§ **DESCRIPTION OF THE TASK**:
Every line of the listing below from the one with "Thom Browne Pebble" up to and including the one with "Paris Saint-Germain v" should be retyped exactly, and nothing else; pictures are not part of the copy.

§ **DATA SHOWN**:
*** Begin section ***

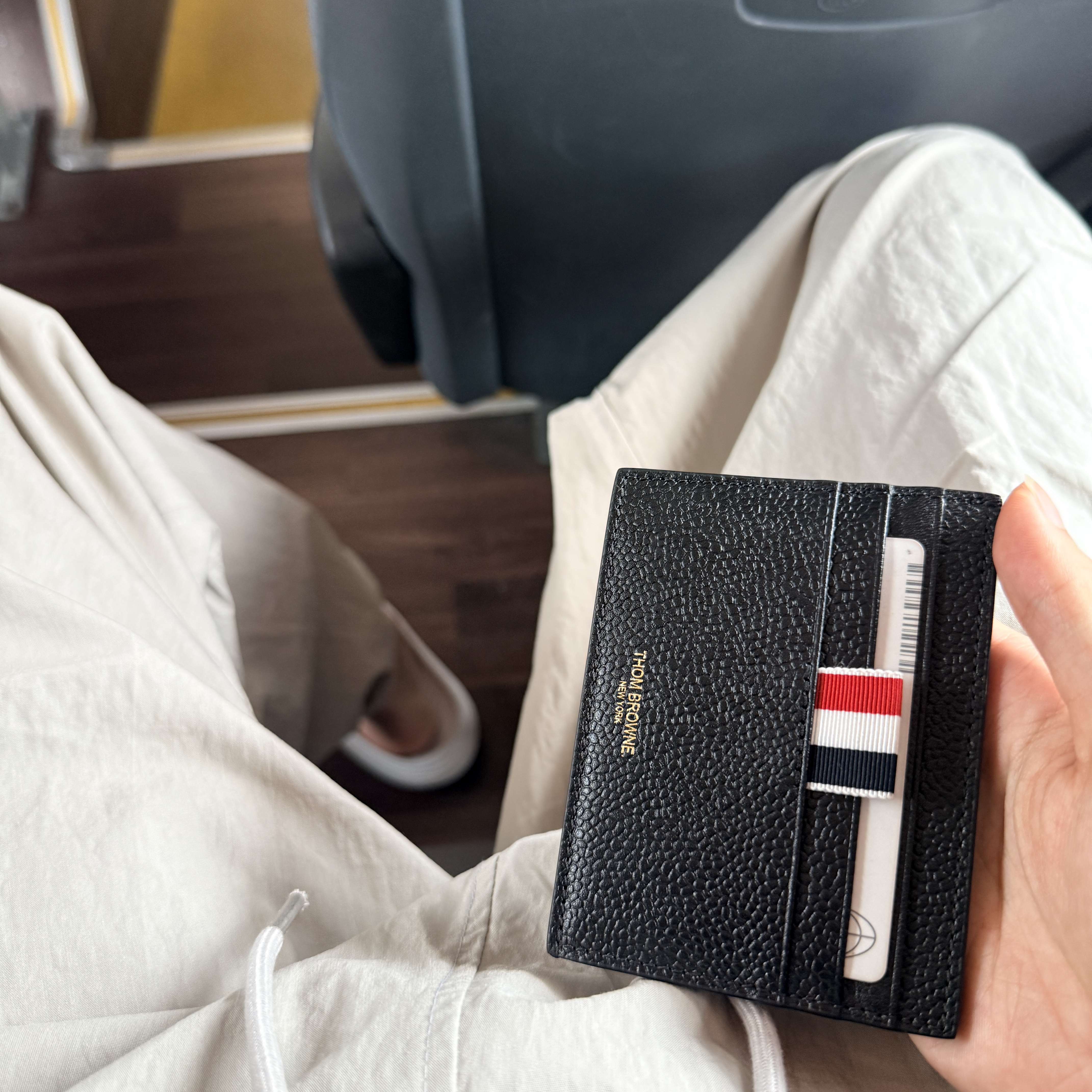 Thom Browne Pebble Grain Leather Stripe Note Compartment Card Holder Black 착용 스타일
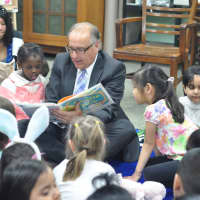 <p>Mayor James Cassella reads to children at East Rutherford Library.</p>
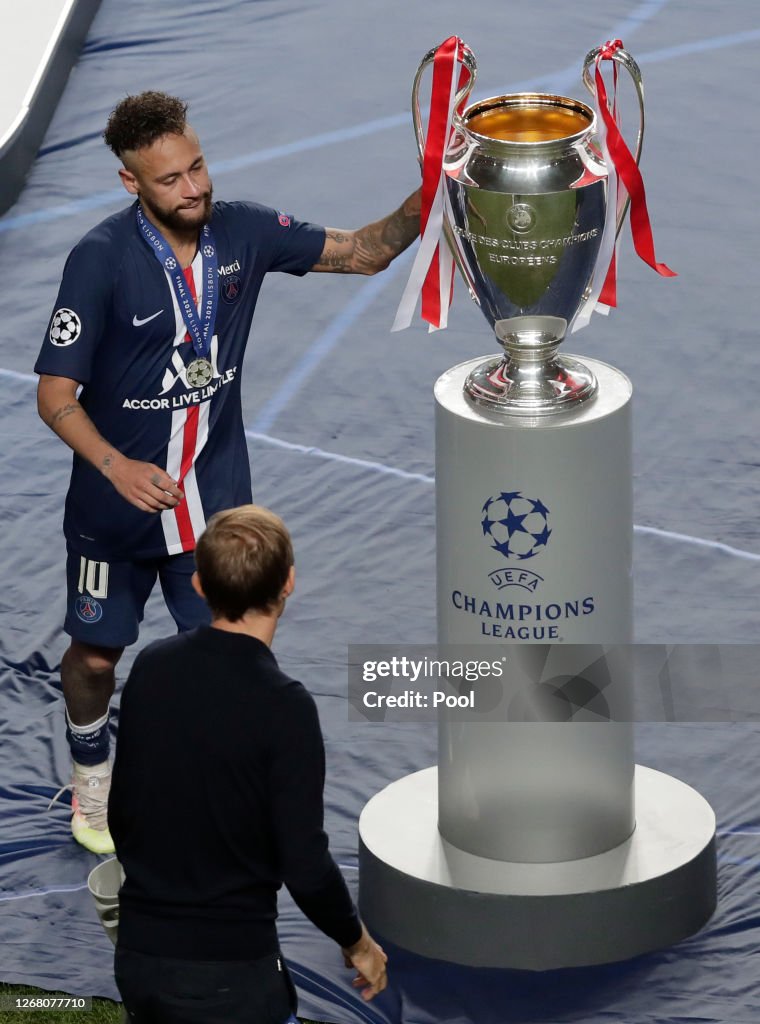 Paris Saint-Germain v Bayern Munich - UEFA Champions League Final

*** End section ***
*** Begin section ***

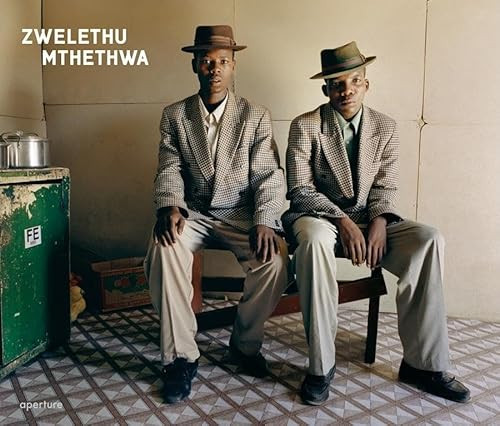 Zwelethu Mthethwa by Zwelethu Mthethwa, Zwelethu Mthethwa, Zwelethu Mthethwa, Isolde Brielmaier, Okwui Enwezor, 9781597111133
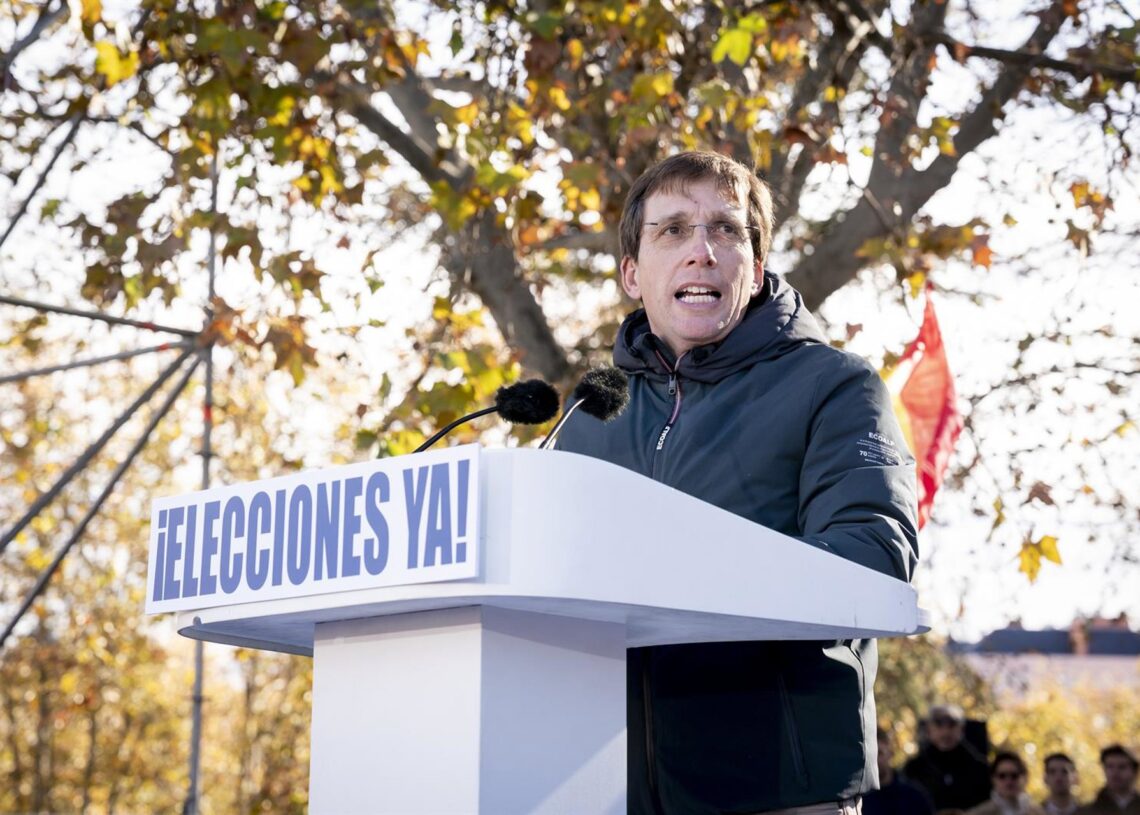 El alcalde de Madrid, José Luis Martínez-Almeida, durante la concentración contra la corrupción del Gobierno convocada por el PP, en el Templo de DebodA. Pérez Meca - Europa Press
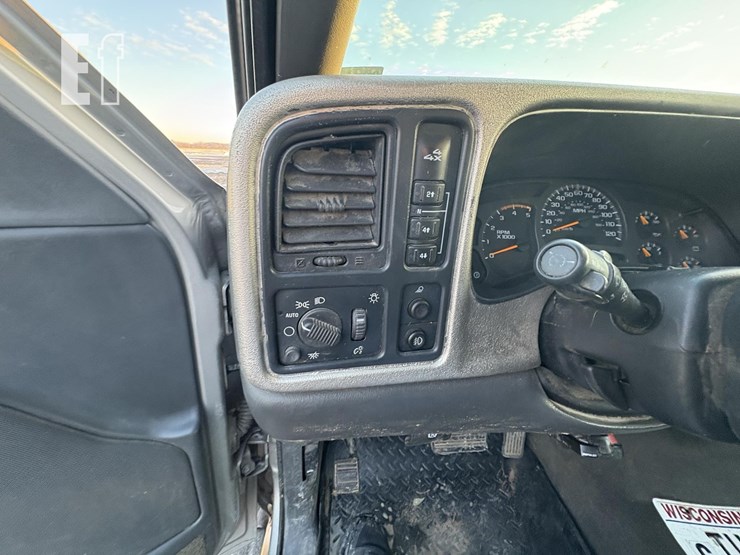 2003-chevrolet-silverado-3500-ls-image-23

*** End section ***
*** Begin section ***

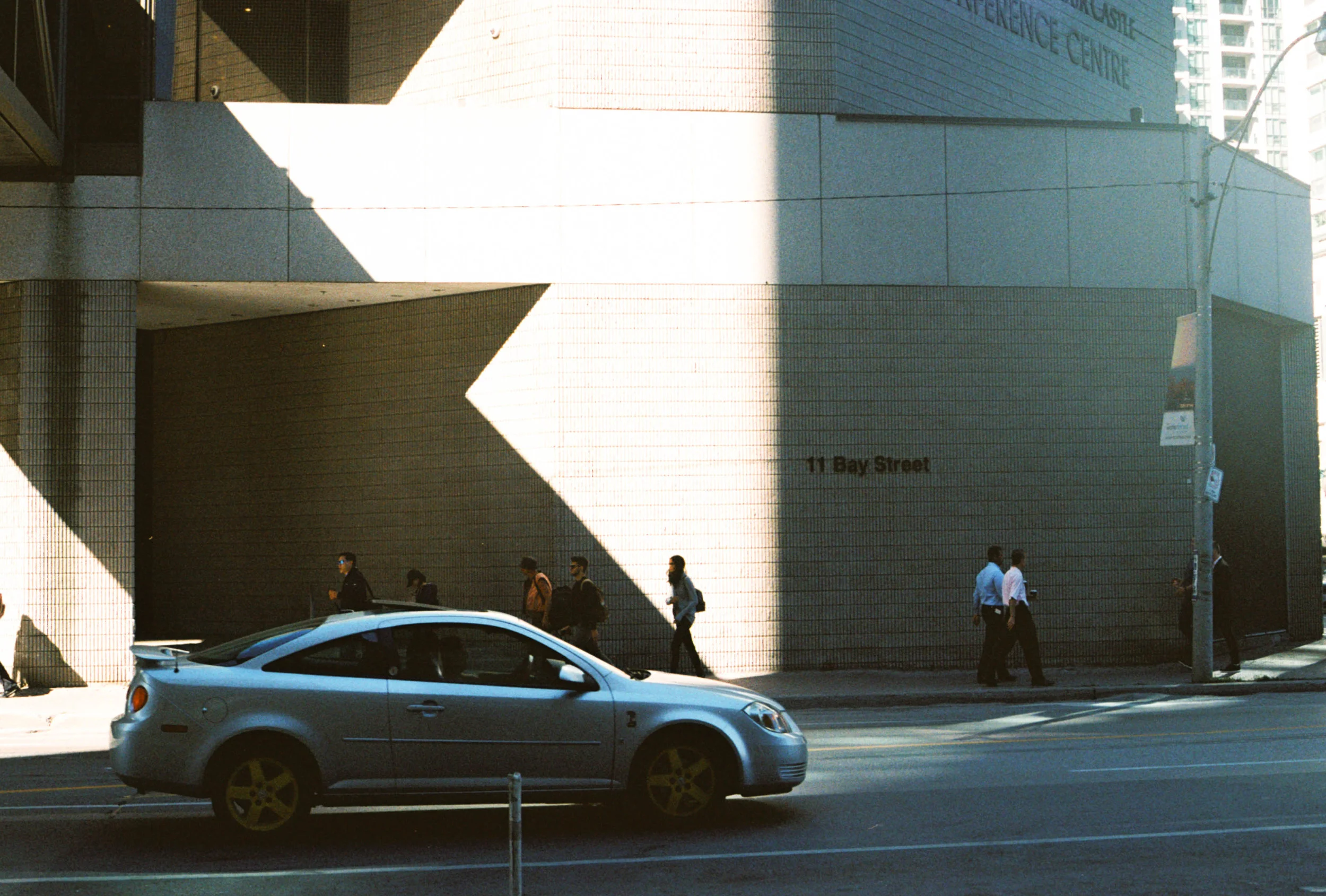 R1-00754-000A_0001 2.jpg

*** End section ***

§ **SOLUTION FOR THIS EXERCISE**:
 Thom Browne Pebble Grain Leather Stripe Note Compartment Card Holder Black 착용 스타일
 <p>Mayor James Cassella reads to children at East Rutherford Library.</p>
 Paris Saint-Germain v Bayern Munich - UEFA Champions League Final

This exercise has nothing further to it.